§ **Supplied records**:
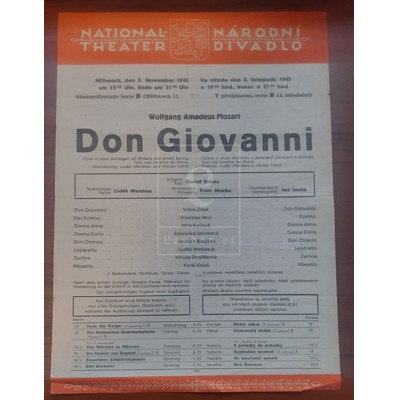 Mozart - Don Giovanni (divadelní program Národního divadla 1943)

* * *

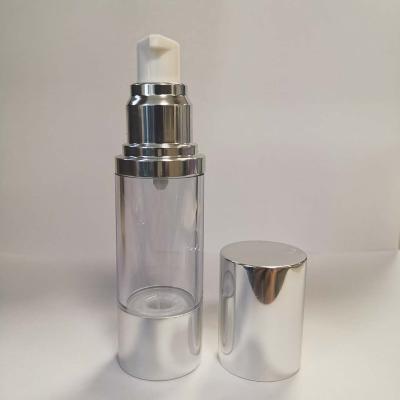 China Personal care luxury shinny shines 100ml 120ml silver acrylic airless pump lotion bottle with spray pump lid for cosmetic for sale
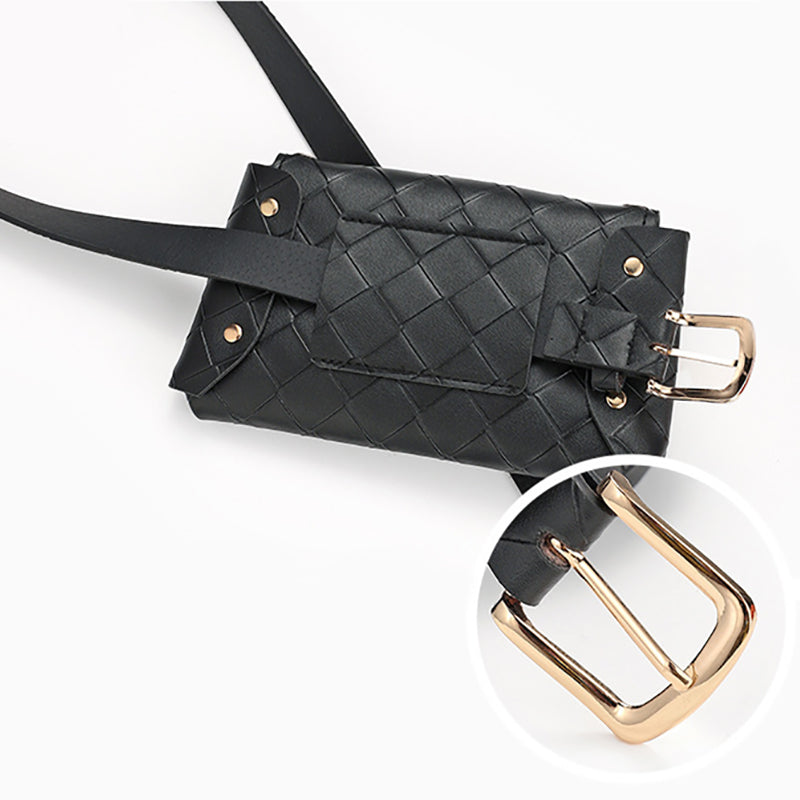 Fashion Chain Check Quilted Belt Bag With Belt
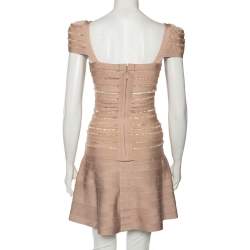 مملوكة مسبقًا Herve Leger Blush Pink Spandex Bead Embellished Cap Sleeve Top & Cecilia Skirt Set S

§ **Task brief**:
What you return must match the lines above from the one with "China Personal care" through the one with "مملوكة مسبقًا Herve" exactly, with both ends included and the pictures excluded.

§ **Output for this task**:
 China Personal care luxury shinny shines 100ml 120ml silver acrylic airless pump lotion bottle with spray pump lid for cosmetic for sale
 Fashion Chain Check Quilted Belt Bag With Belt
 مملوكة مسبقًا Herve Leger Blush Pink Spandex Bead Embellished Cap Sleeve Top & Cecilia Skirt Set S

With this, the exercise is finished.